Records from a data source
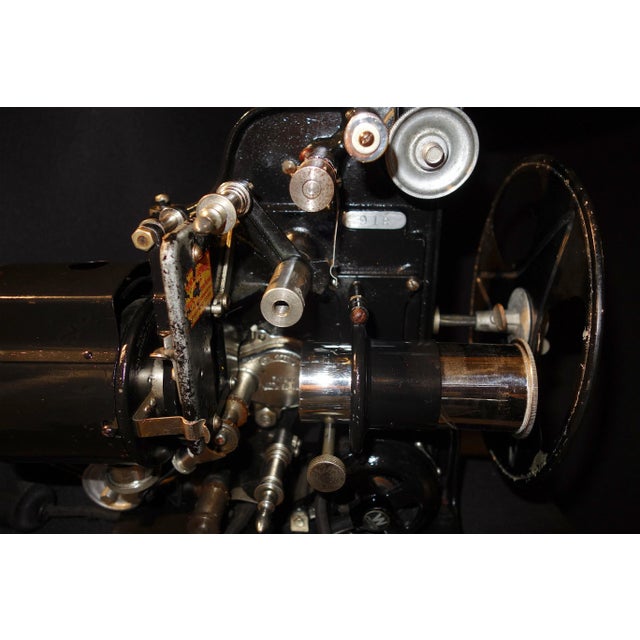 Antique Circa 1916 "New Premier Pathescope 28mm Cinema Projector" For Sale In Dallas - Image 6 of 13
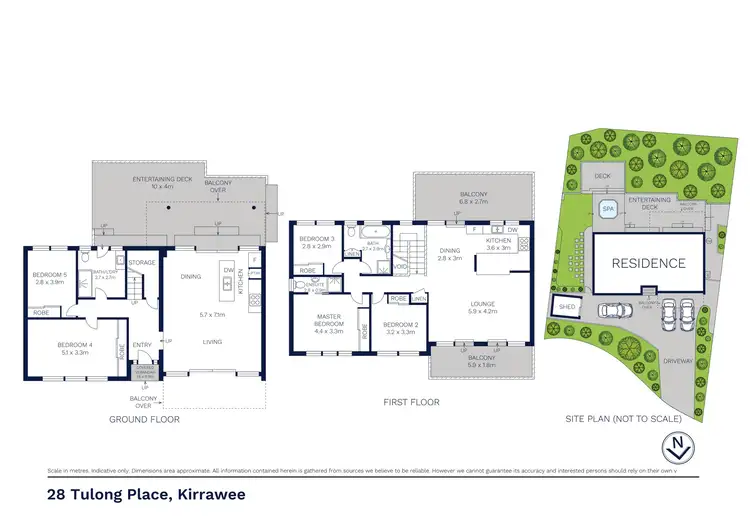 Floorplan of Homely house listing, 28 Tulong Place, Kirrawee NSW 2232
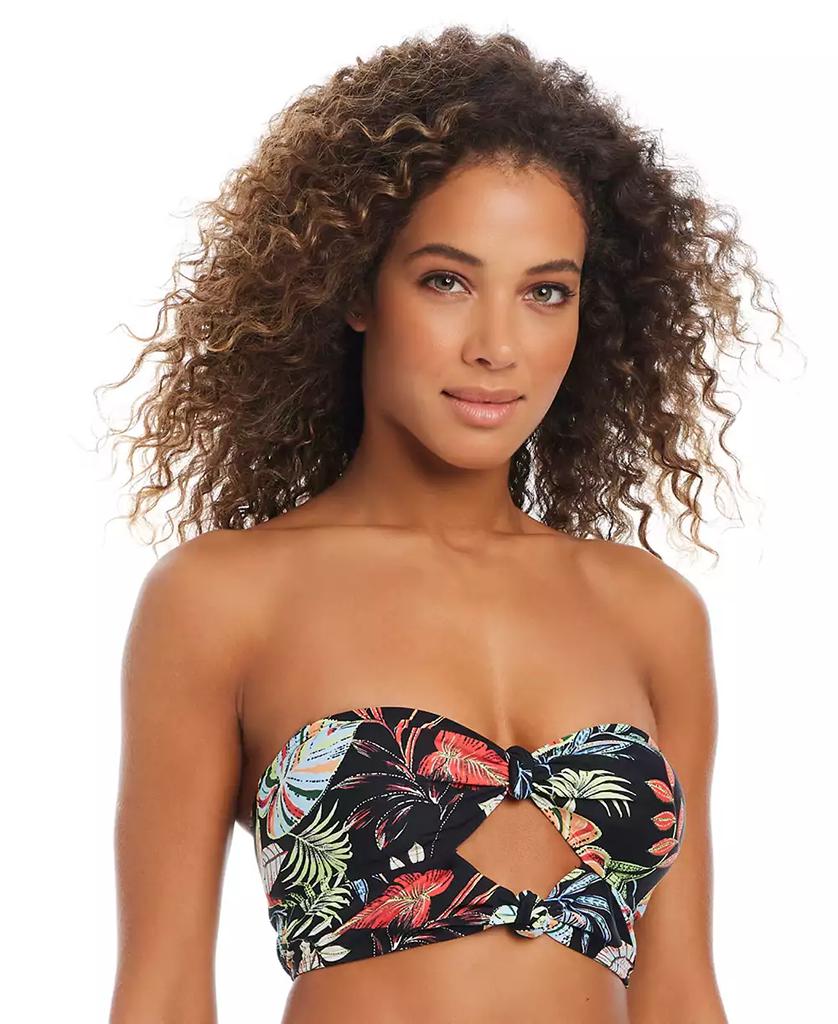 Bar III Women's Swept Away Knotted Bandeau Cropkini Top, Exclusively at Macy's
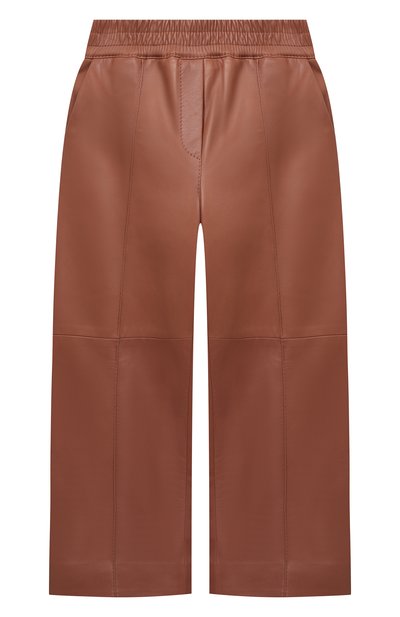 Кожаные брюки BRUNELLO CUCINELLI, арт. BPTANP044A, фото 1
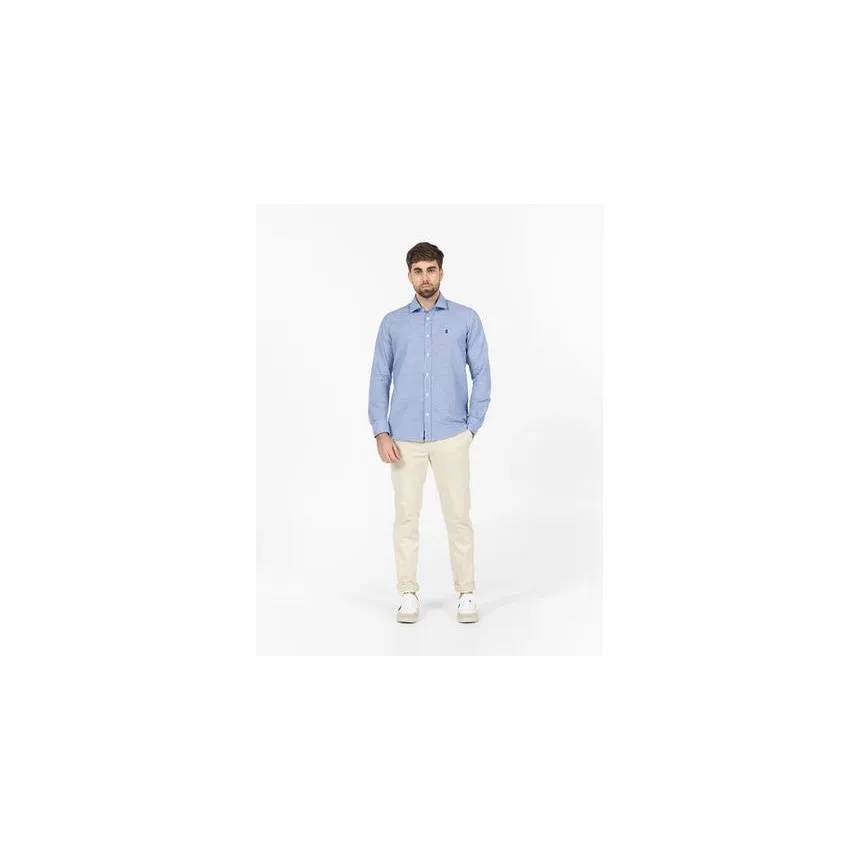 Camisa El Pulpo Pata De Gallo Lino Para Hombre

* _INSTRUCTIONS FOR THE TASK_
Leave out every picture and copy, exactly as written, the lines from the one with "Bar III Women's" through the end of the records above.

* _OUTPUT OF THE EXERCISE_
 Bar III Women's Swept Away Knotted Bandeau Cropkini Top, Exclusively at Macy's
 Кожаные брюки BRUNELLO CUCINELLI, арт. BPTANP044A, фото 1
 Camisa El Pulpo Pata De Gallo Lino Para Hombre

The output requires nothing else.